*** Opening of RECORDS TO USE ***

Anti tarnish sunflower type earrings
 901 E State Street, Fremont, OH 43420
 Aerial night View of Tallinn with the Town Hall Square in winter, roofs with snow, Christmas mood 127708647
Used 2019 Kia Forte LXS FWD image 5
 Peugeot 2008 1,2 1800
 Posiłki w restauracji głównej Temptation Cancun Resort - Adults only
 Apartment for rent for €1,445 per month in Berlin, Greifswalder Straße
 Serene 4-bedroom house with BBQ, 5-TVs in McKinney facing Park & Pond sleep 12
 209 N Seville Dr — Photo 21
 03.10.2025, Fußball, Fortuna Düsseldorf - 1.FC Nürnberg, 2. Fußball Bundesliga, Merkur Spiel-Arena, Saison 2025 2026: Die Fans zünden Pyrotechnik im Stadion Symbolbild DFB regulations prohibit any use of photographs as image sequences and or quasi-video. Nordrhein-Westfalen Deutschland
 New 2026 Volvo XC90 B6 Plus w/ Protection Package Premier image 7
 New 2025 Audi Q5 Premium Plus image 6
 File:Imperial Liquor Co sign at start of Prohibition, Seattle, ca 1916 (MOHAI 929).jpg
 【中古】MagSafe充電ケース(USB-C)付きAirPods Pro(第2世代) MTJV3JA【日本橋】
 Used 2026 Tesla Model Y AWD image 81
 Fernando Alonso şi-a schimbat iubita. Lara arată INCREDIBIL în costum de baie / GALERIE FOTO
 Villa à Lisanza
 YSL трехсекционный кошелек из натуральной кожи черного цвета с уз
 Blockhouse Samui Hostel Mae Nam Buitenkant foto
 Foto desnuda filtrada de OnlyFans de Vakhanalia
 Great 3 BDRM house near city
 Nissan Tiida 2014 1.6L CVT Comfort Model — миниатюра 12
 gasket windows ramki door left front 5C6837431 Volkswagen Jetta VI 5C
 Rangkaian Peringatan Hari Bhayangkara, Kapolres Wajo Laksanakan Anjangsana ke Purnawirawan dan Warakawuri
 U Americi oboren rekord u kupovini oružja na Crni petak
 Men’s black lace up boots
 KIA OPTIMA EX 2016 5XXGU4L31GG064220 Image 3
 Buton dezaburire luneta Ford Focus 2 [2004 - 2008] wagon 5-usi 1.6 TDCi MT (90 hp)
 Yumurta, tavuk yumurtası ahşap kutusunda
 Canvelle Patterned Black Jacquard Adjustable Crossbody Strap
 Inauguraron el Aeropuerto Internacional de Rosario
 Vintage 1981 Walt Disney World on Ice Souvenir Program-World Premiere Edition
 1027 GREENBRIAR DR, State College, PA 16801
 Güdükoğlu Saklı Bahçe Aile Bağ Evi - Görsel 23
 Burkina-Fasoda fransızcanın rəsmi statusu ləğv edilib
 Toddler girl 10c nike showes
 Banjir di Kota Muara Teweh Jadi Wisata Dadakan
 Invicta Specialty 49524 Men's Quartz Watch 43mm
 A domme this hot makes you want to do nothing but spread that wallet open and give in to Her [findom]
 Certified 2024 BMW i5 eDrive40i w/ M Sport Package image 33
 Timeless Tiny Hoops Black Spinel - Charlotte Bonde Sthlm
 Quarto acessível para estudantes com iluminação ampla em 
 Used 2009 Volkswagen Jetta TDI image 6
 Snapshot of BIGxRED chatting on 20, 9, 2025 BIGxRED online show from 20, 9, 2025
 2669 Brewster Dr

*** Close of RECORDS TO USE ***

# [WHAT YOU SHOULD DO]
Copy the entries word for word.

# [ANSWER]
Anti tarnish sunflower type earrings
 901 E State Street, Fremont, OH 43420
 Aerial night View of Tallinn with the Town Hall Square in winter, roofs with snow, Christmas mood 127708647
Used 2019 Kia Forte LXS FWD image 5
 Peugeot 2008 1,2 1800
 Posiłki w restauracji głównej Temptation Cancun Resort - Adults only
 Apartment for rent for €1,445 per month in Berlin, Greifswalder Straße
 Serene 4-bedroom house with BBQ, 5-TVs in McKinney facing Park & Pond sleep 12
 209 N Seville Dr — Photo 21
 03.10.2025, Fußball, Fortuna Düsseldorf - 1.FC Nürnberg, 2. Fußball Bundesliga, Merkur Spiel-Arena, Saison 2025 2026: Die Fans zünden Pyrotechnik im Stadion Symbolbild DFB regulations prohibit any use of photographs as image sequences and or quasi-video. Nordrhein-Westfalen Deutschland
 New 2026 Volvo XC90 B6 Plus w/ Protection Package Premier image 7
 New 2025 Audi Q5 Premium Plus image 6
 File:Imperial Liquor Co sign at start of Prohibition, Seattle, ca 1916 (MOHAI 929).jpg
 【中古】MagSafe充電ケース(USB-C)付きAirPods Pro(第2世代) MTJV3JA【日本橋】
 Used 2026 Tesla Model Y AWD image 81
 Fernando Alonso şi-a schimbat iubita. Lara arată INCREDIBIL în costum de baie / GALERIE FOTO
 Villa à Lisanza
 YSL трехсекционный кошелек из натуральной кожи черного цвета с уз
 Blockhouse Samui Hostel Mae Nam Buitenkant foto
 Foto desnuda filtrada de OnlyFans de Vakhanalia
 Great 3 BDRM house near city
 Nissan Tiida 2014 1.6L CVT Comfort Model — миниатюра 12
 gasket windows ramki door left front 5C6837431 Volkswagen Jetta VI 5C
 Rangkaian Peringatan Hari Bhayangkara, Kapolres Wajo Laksanakan Anjangsana ke Purnawirawan dan Warakawuri
 U Americi oboren rekord u kupovini oružja na Crni petak
 Men’s black lace up boots
 KIA OPTIMA EX 2016 5XXGU4L31GG064220 Image 3
 Buton dezaburire luneta Ford Focus 2 [2004 - 2008] wagon 5-usi 1.6 TDCi MT (90 hp)
 Yumurta, tavuk yumurtası ahşap kutusunda
 Canvelle Patterned Black Jacquard Adjustable Crossbody Strap
 Inauguraron el Aeropuerto Internacional de Rosario
 Vintage 1981 Walt Disney World on Ice Souvenir Program-World Premiere Edition
 1027 GREENBRIAR DR, State College, PA 16801
 Güdükoğlu Saklı Bahçe Aile Bağ Evi - Görsel 23
 Burkina-Fasoda fransızcanın rəsmi statusu ləğv edilib
 Toddler girl 10c nike showes
 Banjir di Kota Muara Teweh Jadi Wisata Dadakan
 Invicta Specialty 49524 Men's Quartz Watch 43mm
 A domme this hot makes you want to do nothing but spread that wallet open and give in to Her [findom]
 Certified 2024 BMW i5 eDrive40i w/ M Sport Package image 33
 Timeless Tiny Hoops Black Spinel - Charlotte Bonde Sthlm
 Quarto acessível para estudantes com iluminação ampla em 
 Used 2009 Volkswagen Jetta TDI image 6
 Snapshot of BIGxRED chatting on 20, 9, 2025 BIGxRED online show from 20, 9, 2025
 2669 Brewster Dr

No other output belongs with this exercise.